__TASK DESCRIPTION__. Reproduce precisely the lines of the listing below, starting with the line that contains "Asics Noosa Tri 16 White Sunrise Red" and stopping after the line that contains "Фильтр воздушный QUATTRO"; include nothing else.

*** Opening of EXCERPTED DATA ***

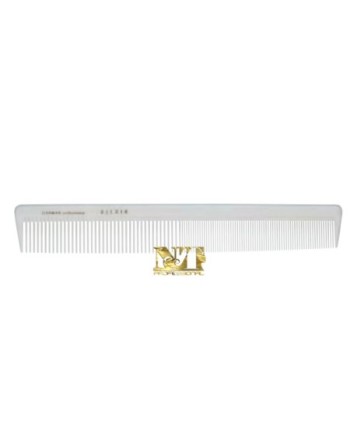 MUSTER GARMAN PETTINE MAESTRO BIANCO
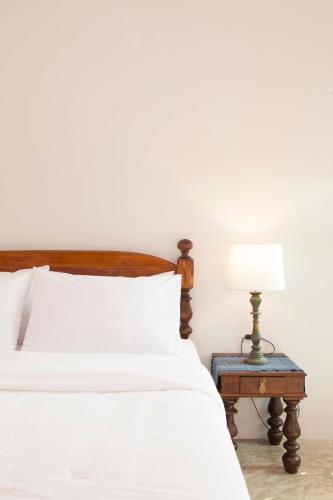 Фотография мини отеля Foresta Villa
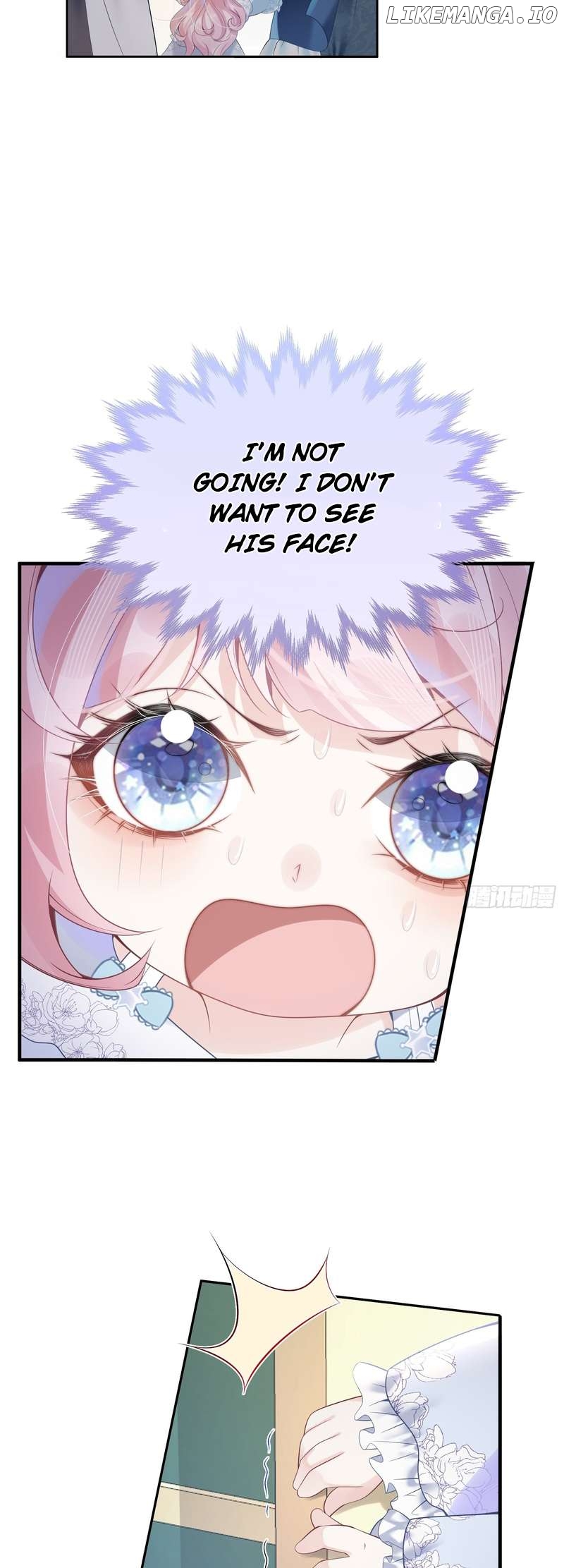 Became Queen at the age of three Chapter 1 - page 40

*** Close of EXCERPTED DATA ***
*** Opening of EXCERPTED DATA ***

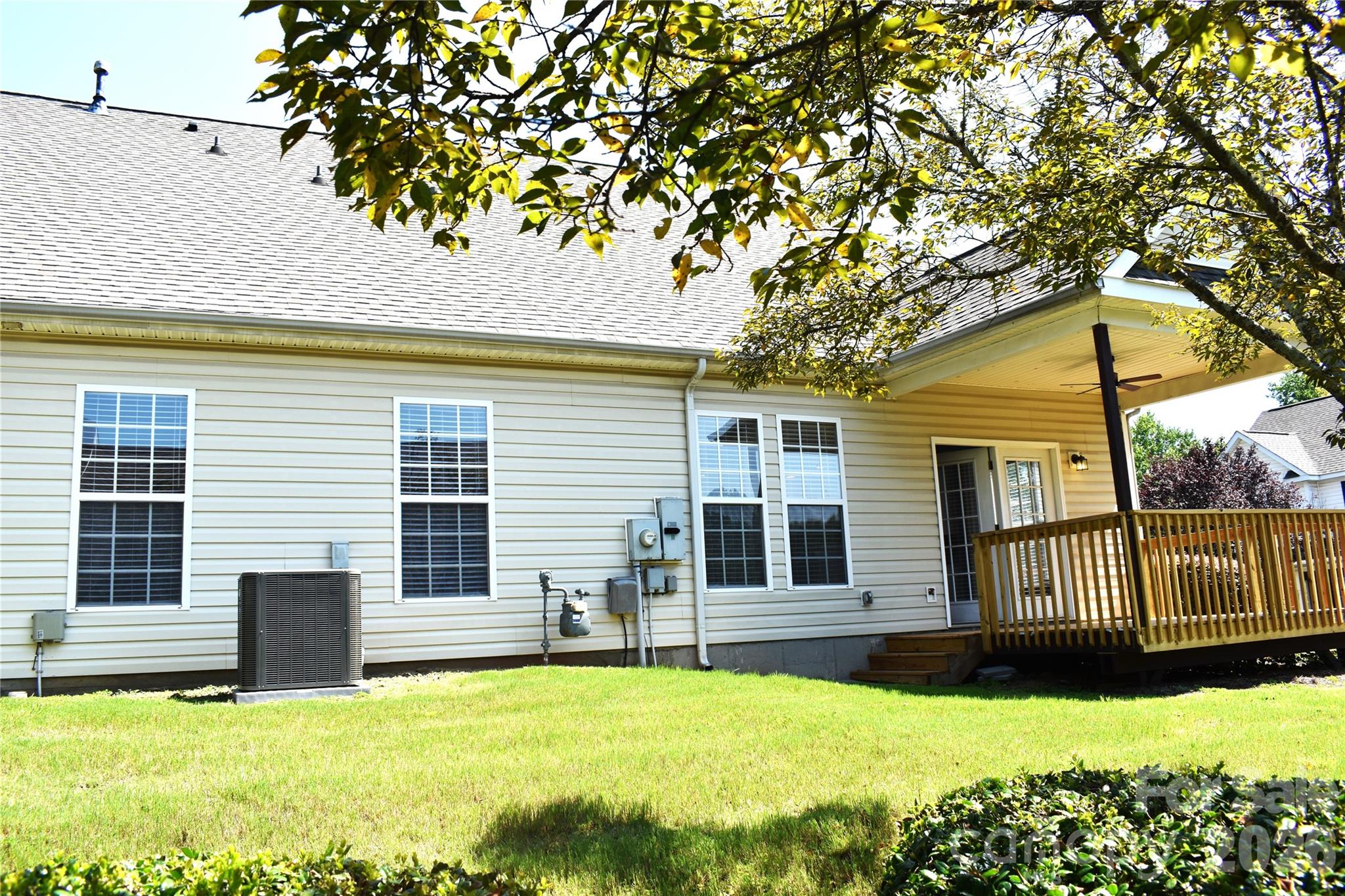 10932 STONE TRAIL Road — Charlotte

*** Close of EXCERPTED DATA ***
*** Opening of EXCERPTED DATA ***

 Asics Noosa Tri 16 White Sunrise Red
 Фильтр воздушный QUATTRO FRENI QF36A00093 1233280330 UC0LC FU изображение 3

*** Close of EXCERPTED DATA ***

__SOLUTION TO THIS EXERCISE__.
 Asics Noosa Tri 16 White Sunrise Red
 Фильтр воздушный QUATTRO FRENI QF36A00093 1233280330 UC0LC FU изображение 3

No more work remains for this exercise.